What Does it Mean to Preserve the RKO Keith’s Theater?

Nowadays most people pass this long-shuttered building at the northern end of Main Street without even noticing it. Yet the name RKO Keith’s still never fails to evoke bright-eyed memories from all those who lived here during its heyday. You can glance through the records of the place and see the kind of famous events and people that you never imagine would have visited our neighborhood. More than any other landmark, the RKO Keith’s stood for the Flushing that existed before this current one.

But the building’s recent history has been pretty absurd. The 85-year-old theater was designated as a protected city landmark all the way back in 1983, but it closed three years later and was sold to notorious developer Tommy Huang, who planned to make it into a major shopping center. In 1997, Huang was arrested and later plead guilty to illegally gutting the landmarked lobby and dumping thousands of gallons of oil into the basement. The building has changed hands many times since, but it still sits there, hulking and run-down in the heart of downtown.

Recently the site was sold again, for $30 million to Jerry Karlik’s JK Equities, who will try to renovate the lobby and then build a 17-story mixed-use apartment tower over it. The vocal neighborhood activists we have here in Flushing are skeptical about execution, as always, but it seems that most of them are on board with the plan. The site has certainly been an eyesore in an important part of town for a very long time.

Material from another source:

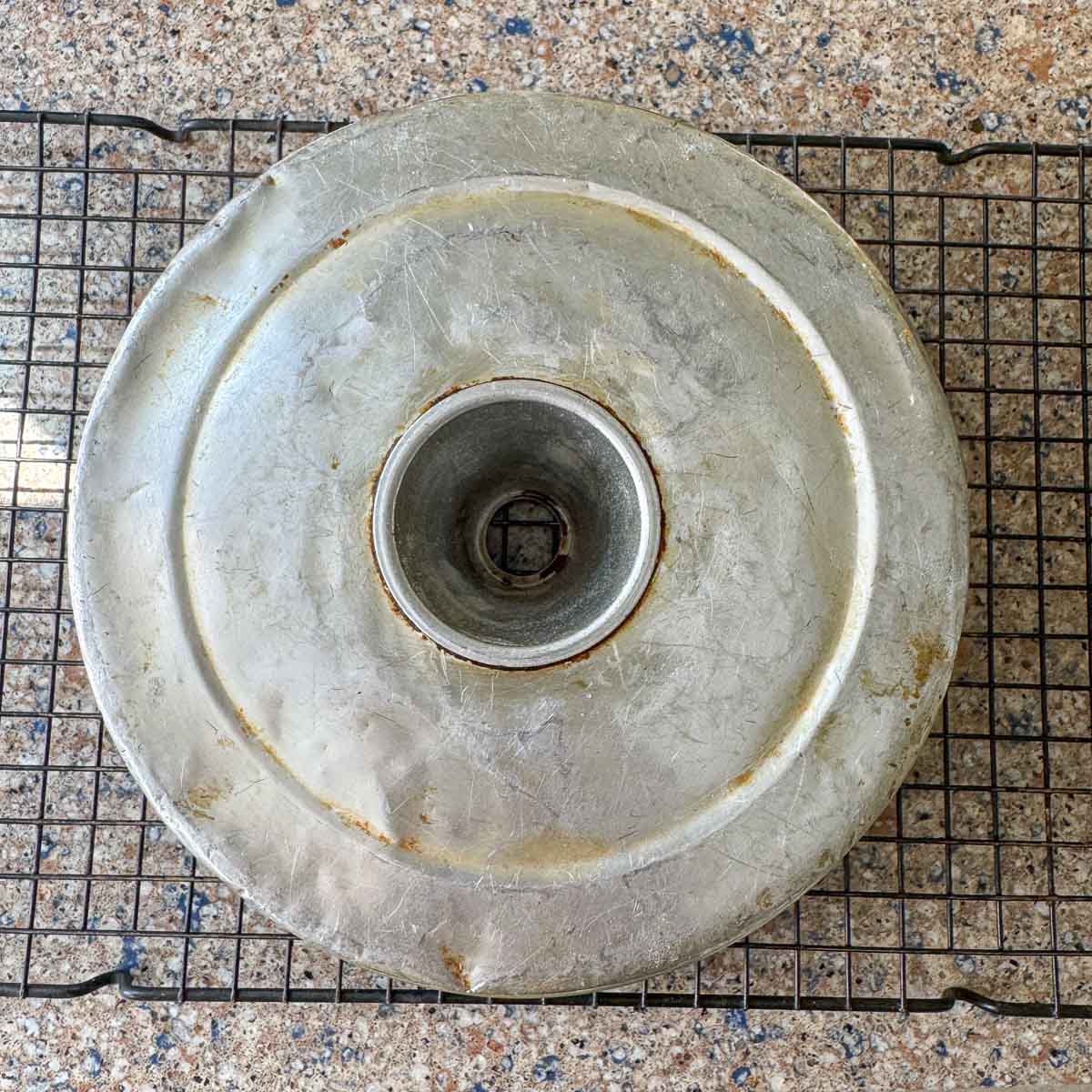 bund cake pan flipped onto cooling rack.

If it gets built, at the very least it’ll clean up the place some. And as for the preservation of the lobby, I guess the striking Moorish grandeur of yesteryear might stir up some wistful kind of happiness.

But it’s funny to think about what is being preserved here. There’s a difference between the function of a building and the form, right? If we preserve the function of certain structures – if there are analogues for those that exist today, even if they look and feel differently – then why is it essential that the physical buildings themselves be preserved? Maybe it’s because I was born in a country where buildings have been built and razed and rebuilt for thousands of years, but function seems a little more important than form.

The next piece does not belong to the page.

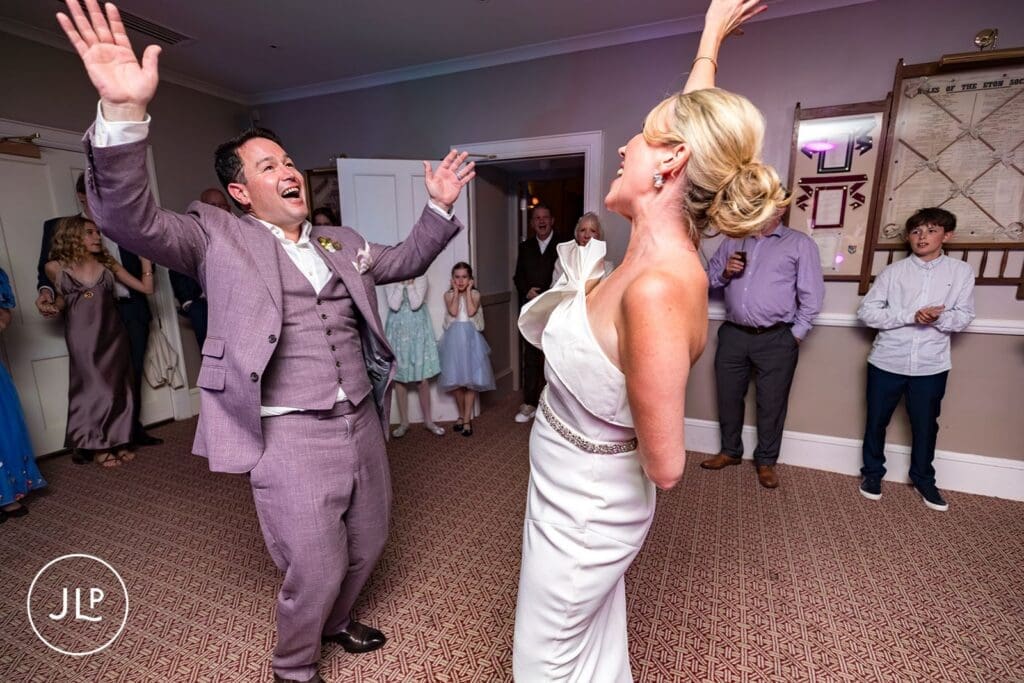 Joyful bride and groom dancing together with hands raised during their lively wedding reception party.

In New York, a much less ancient place, we have historic preservation of structures that seem to fulfill no functions whatsoever. Or the physical forms are preserved and adapted to some wholly unrelated use. The factories and manufacturing plants of industry, which stood for economic empowerment and mobility, are now loft apartments. The tenements for poor immigrants are now really expensive tenements for young professionals. However, the previous functions that were so necessary and very much worth preserving – working-class job centers and housing – are nowhere to be found in the urban core.

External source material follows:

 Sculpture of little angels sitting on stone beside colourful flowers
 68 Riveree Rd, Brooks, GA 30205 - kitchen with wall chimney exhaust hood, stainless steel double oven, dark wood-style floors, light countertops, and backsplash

RKO Keith’s used to be a cultural center of Flushing. Today, there are no such central places. If you want to preserve what made RKO Keith as important and as beloved as it was, then maybe you should think about its function rather than its physical appearance.

After all, it’s strange that nowadays we associate the interests of humble communities with preserving the traditional, built character of a neighborhood. People are adaptable, and poor people are better at it than most. This is especially apparent in Flushing, where different waves of residents take turns weathering great upheaval and undergoing dramatic cultural changes all within a few generations. But the insistence on the continual value of certain urban forms – even when their functions and the people who use them have irrevocably changed – well, I guess that’s one way to divert the conversation.